7. To Group Health Coop., Twenty-eight thousand nine hundred twenty-seven dollars and seventy-seven cents ($28,927.77) in reimbursement of medical expense.

Jurisdiction is reserved as to Ferrellgas Companies, Inc., and Reliance National Indemnity Company for such further orders and awards as are warranted and consistent with this decision. The September 2000 hearing application is dismissed as to Skelgas, Inc., and Zurich American Insurance Company.

Dated and mailed January 17, 2002
woelkek . wrr : 101 : 1  ND § 3.4  § 3.42 

/s/ David B. Falstad, Chairman

/s/ James A. Rutkowski, Commissioner


MEMORANDUM OPINION

The commission conferred with the presiding ALJ concerning witness credibility and demeanor. Transamerica Ins. Co. v. ILHR Department, 54 Wis. 2d 272, 283-84 (1972). The ALJ, who could observe the applicant's demeanor, regarded as credible the applicant's testimony that his back did not improve after the 1994 surgery. The commission acknowledges that the applicant testified to that effect, and that the applicant no doubt was telling the truth as he saw it at the hearing. However, for the reasons explained in the body of this decision, the commission declined to use this testimony as the basis for its decision.

cc: 
Attorney Jim Schernecker
Attorney Robert H. Zilske
Attorney Patrick M. Cooper


[ Search Decisions ] - [ WC Legal Resources ] - [ LIRC Home Page ]


Footnotes:

(1)( Back ) The parties agreed that administrative notice could be taken of the record before ALJ Endter in WC claim no. 1994-038872.

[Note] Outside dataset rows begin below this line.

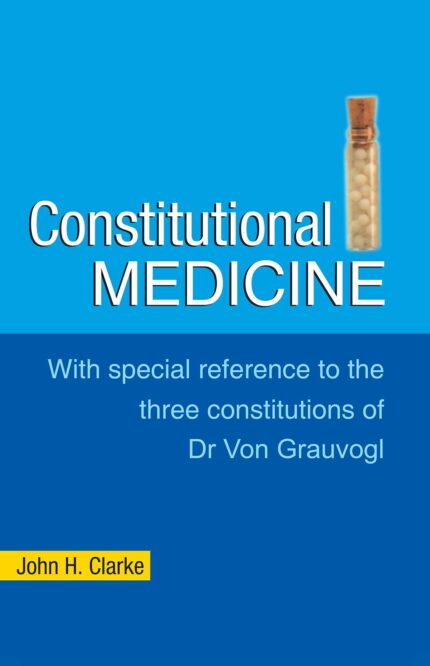 CONSTITUTIONAL MEDICINE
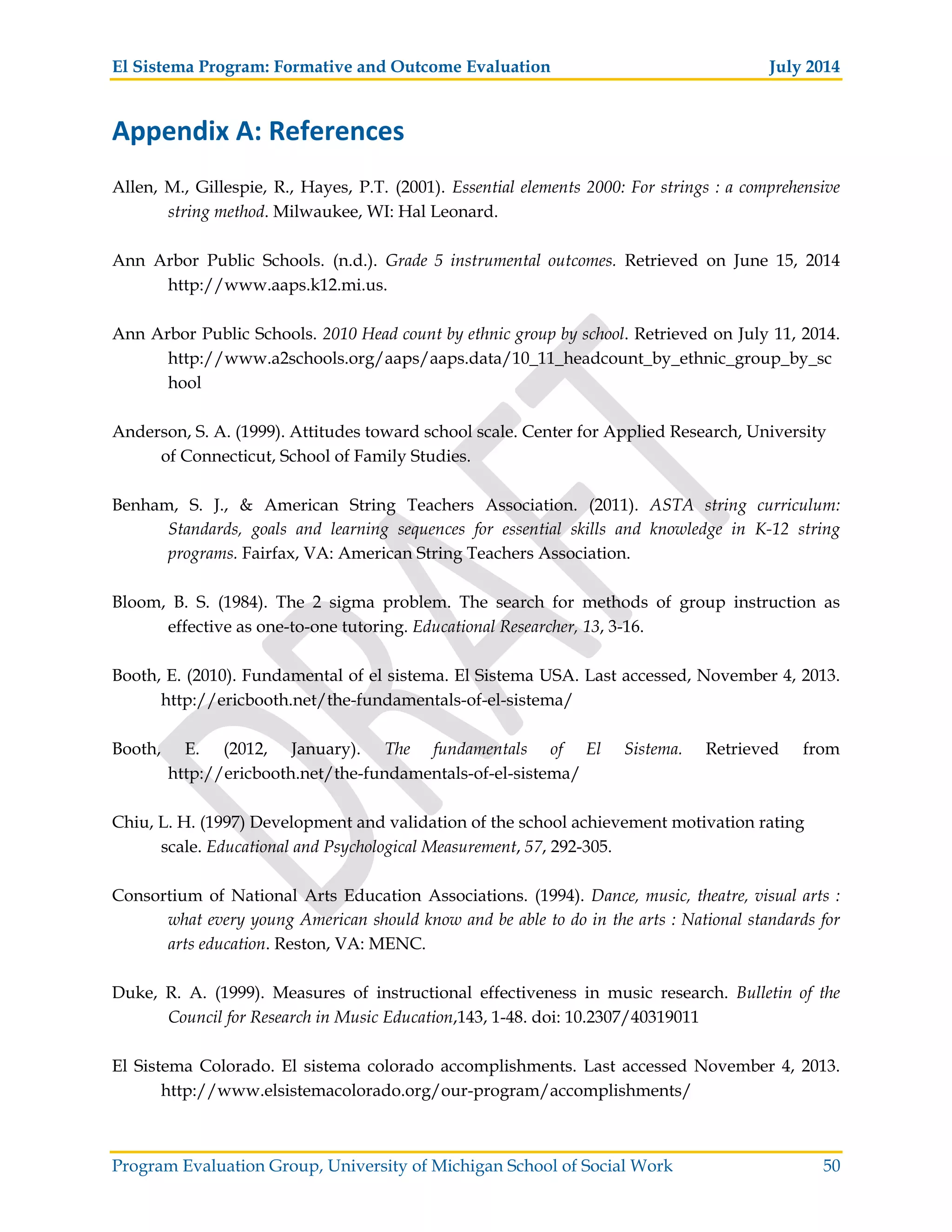 El Sistema Program: Formative and Outcome Evaluation July 2014
Program Evaluation Group, University of Michigan School of Social Work 50
Appendix A: References
Allen, M., Gillespie, R., Hayes, P.T. (2001). Essential elements 2000: For strings : a comprehensive
string method. Milwaukee, WI: Hal Leonard.
Ann Arbor Public Schools. (n.d.). Grade 5 instrumental outcomes. Retrieved on June 15, 2014
http://www.aaps.k12.mi.us.
Ann Arbor Public Schools. 2010 Head count by ethnic group by school. Retrieved on July 11, 2014.
http://www.a2schools.org/aaps/aaps.data/10_11_headcount_by_ethnic_group_by_sc
hool
Anderson, S. A. (1999). Attitudes toward school scale. Center for Applied Research, University
of Connecticut, School of Family Studies.
Benham, S. J., & American String Teachers Association. (2011). ASTA string curriculum:
Standards, goals and learning sequences for essential skills and knowledge in K-12 string
programs. Fairfax, VA: American String Teachers Association.
Bloom, B. S. (1984). The 2 sigma problem. The search for methods of group instruction as
effective as one-to-one tutoring. Educational Researcher, 13, 3-16.
Booth, E. (2010). Fundamental of el sistema. El Sistema USA. Last accessed, November 4, 2013.
http://ericbooth.net/the-fundamentals-of-el-sistema/
Booth, E. (2012, January). The fundamentals of El Sistema. Retrieved from
http://ericbooth.net/the-fundamentals-of-el-sistema/
Chiu, L. H. (1997) Development and validation of the school achievement motivation rating
scale. Educational and Psychological Measurement, 57, 292-305.
Consortium of National Arts Education Associations. (1994). Dance, music, theatre, visual arts :
what every young American should know and be able to do in the arts : National standards for
arts education. Reston, VA: MENC.
Duke, R. A. (1999). Measures of instructional effectiveness in music research. Bulletin of the
Council for Research in Music Education,143, 1-48. doi: 10.2307/40319011
El Sistema Colorado. El sistema colorado accomplishments. Last accessed November 4, 2013.
http://www.elsistemacolorado.org/our-program/accomplishments/
 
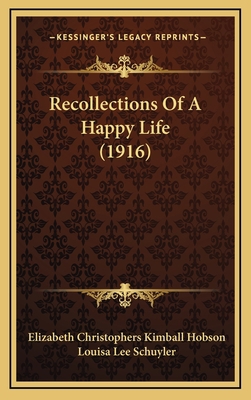 Recollections of a Happy Life (1916) 1165015420 Book Cover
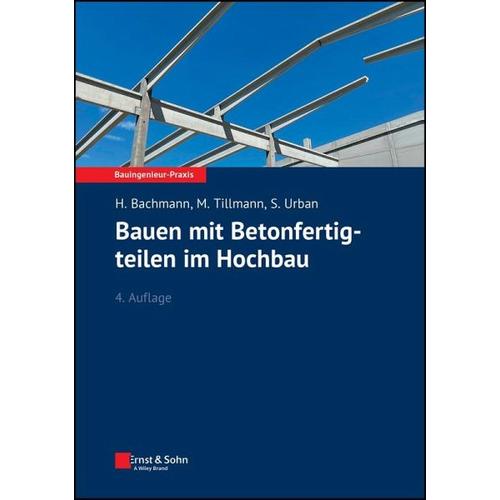 Bauen mit Betonfertigteilen im Hochbau - Hubert Bachmann, Mathias Tillmann, Susanne Urban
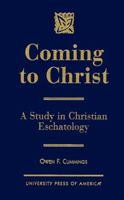 Coming to Christ: A Study in Christian Eschatology 0761812237 Book Cover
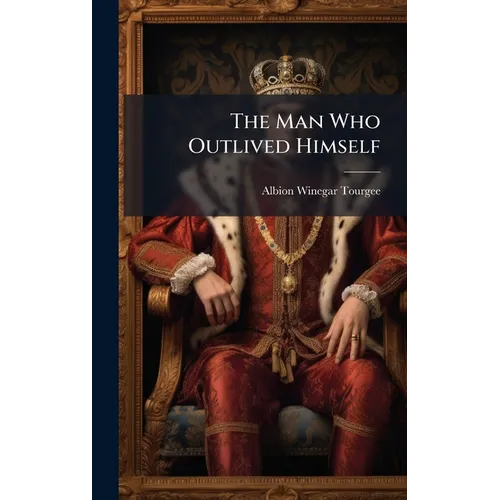 The Man Who Outlived Himself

(2)( Back ) The ALJ's order indicates that Skelgas and Zurich conceded "an additional 5% permanent partial disability pursuant to the report of Dr. Karr." After reading the briefs of the parties, and particularly that of the applicant, the commission concludes that Skelgas and Zurich conceded the applicant has additional permanent partial disability related to work exposure, not that they are liable for the additional permanent partial disability or part of it.

(3)( Back ) This report was printed in October 1995, explaining the applicant's hearing testimony about that date.

(4)( Back ) Wis. Stat. § 102.175(1) permits apportionment between accidental injuries; this case does not involve a claim of accidental injury.

(5)( Back ) He started at UW at $8.62 per hour, and at the time of the hearing he made $10.03 per hour.